--- Exercise inputs Enclosed Below ---

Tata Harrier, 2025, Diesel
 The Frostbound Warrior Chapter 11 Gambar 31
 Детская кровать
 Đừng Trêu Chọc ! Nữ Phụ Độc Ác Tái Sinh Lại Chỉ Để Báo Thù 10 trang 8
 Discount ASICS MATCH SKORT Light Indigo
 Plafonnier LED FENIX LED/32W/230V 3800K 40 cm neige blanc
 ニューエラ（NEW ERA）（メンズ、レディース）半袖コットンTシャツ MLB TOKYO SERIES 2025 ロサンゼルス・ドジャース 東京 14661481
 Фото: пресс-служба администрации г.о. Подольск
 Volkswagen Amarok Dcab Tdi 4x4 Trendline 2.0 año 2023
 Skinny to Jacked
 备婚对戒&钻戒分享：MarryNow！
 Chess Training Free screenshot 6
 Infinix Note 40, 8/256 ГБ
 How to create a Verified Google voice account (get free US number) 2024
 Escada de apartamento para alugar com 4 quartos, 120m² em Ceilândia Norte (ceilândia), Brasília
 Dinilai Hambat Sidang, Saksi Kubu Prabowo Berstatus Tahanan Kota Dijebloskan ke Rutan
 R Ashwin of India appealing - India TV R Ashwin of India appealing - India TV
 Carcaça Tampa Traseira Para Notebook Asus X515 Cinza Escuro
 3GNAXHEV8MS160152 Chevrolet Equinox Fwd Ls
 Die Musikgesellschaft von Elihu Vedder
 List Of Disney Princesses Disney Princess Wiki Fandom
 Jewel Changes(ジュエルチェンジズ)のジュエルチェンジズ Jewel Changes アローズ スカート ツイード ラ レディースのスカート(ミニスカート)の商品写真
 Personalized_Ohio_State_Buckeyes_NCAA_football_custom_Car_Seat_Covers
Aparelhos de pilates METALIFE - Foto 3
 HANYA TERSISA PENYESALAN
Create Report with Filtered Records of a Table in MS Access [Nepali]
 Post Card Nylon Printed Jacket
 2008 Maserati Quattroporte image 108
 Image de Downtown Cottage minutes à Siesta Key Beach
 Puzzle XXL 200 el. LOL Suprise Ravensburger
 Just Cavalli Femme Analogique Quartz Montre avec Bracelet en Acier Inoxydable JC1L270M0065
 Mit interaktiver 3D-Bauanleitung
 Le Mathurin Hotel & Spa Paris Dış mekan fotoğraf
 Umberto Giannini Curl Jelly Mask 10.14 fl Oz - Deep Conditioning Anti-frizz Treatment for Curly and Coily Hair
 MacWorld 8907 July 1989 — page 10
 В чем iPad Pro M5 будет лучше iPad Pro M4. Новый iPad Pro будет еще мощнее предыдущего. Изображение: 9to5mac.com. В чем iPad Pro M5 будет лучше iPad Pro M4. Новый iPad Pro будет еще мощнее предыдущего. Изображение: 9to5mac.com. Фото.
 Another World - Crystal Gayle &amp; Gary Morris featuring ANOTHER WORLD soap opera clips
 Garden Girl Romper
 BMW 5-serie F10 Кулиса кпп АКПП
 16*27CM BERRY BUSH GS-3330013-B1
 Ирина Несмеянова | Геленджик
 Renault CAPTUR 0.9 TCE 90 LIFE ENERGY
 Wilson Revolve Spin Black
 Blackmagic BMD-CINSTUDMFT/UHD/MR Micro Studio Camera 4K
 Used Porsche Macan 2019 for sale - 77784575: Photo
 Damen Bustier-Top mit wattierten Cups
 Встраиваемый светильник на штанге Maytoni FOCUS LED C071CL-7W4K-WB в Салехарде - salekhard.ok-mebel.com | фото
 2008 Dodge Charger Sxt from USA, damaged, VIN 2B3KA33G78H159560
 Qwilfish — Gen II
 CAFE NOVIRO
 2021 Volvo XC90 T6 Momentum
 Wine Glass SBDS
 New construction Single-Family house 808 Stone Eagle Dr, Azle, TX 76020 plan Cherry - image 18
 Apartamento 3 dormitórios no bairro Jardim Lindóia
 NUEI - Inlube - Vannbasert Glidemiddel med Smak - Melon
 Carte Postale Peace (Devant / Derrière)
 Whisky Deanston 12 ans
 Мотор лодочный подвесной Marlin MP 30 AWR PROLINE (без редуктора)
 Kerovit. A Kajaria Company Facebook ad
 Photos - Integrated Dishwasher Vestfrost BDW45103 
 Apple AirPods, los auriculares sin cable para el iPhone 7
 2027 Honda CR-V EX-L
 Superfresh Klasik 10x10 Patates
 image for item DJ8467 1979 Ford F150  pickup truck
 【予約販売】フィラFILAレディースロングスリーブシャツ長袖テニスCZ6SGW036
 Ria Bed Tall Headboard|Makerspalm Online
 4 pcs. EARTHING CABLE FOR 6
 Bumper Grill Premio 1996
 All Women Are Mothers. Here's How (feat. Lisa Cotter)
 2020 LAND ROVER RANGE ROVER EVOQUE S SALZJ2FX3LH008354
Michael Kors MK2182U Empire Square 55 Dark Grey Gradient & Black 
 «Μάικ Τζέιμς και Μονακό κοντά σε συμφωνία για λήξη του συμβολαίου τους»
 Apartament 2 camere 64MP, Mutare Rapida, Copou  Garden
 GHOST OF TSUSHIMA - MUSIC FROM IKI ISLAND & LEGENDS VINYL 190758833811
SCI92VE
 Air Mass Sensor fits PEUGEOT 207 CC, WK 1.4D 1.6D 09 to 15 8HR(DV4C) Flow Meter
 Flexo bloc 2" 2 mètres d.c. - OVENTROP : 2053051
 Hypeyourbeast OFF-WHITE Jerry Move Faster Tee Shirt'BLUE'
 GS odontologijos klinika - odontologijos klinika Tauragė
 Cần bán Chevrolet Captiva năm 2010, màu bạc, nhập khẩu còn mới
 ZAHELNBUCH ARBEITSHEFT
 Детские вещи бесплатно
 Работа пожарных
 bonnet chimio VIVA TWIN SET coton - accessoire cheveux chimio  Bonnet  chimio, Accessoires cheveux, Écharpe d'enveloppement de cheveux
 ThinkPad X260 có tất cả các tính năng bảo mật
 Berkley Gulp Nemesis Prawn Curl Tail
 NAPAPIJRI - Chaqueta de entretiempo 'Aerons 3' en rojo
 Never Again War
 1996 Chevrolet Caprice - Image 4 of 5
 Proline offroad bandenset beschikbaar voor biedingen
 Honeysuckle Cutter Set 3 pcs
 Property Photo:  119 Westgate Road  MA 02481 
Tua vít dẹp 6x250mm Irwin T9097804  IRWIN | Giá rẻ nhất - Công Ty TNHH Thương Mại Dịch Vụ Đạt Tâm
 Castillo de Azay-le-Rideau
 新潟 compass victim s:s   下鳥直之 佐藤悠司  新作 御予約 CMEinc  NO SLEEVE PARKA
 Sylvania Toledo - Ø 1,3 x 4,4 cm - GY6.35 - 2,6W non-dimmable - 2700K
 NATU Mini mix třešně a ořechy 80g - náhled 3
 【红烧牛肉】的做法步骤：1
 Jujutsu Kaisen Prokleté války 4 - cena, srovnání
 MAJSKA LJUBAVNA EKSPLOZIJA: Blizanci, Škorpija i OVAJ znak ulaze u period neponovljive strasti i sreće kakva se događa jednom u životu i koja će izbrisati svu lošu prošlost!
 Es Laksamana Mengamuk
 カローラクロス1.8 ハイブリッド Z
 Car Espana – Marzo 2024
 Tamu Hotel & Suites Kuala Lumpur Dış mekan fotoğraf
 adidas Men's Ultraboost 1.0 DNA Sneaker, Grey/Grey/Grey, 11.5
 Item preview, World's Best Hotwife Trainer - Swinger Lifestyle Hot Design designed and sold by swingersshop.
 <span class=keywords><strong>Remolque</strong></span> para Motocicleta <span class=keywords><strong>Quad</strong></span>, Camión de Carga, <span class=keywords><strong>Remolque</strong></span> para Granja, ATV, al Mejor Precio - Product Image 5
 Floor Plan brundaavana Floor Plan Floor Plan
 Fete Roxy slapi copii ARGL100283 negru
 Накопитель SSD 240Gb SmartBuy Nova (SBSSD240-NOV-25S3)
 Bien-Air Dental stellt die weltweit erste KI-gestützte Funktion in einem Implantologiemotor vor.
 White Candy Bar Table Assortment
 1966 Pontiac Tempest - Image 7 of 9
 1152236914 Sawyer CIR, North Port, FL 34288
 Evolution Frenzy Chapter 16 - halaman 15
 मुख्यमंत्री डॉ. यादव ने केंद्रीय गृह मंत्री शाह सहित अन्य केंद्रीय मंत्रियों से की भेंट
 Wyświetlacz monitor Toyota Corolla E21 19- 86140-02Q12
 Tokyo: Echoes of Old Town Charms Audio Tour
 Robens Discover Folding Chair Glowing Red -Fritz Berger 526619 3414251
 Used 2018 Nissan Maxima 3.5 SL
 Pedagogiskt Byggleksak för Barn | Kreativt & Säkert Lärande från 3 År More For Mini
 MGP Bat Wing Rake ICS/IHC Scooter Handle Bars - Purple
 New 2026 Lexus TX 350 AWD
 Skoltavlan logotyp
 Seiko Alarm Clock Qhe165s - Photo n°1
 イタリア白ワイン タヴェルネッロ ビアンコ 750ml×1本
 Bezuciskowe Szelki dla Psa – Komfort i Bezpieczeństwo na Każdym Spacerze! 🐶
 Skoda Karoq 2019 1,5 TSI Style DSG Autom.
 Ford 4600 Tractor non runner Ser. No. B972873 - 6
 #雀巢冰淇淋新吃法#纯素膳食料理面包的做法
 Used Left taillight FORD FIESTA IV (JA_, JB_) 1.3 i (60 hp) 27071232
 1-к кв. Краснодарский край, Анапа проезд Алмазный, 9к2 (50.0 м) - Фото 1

--- End of Enclosed Exercise inputs ---

== Exercise instructions ==
Restate verbatim the first line above and all lines after it through the line containing "Фото: пресс-служба администрации"; omit the rest.

== Your response ==
Tata Harrier, 2025, Diesel
 The Frostbound Warrior Chapter 11 Gambar 31
 Детская кровать
 Đừng Trêu Chọc ! Nữ Phụ Độc Ác Tái Sinh Lại Chỉ Để Báo Thù 10 trang 8
 Discount ASICS MATCH SKORT Light Indigo
 Plafonnier LED FENIX LED/32W/230V 3800K 40 cm neige blanc
 ニューエラ（NEW ERA）（メンズ、レディース）半袖コットンTシャツ MLB TOKYO SERIES 2025 ロサンゼルス・ドジャース 東京 14661481
 Фото: пресс-служба администрации г.о. Подольск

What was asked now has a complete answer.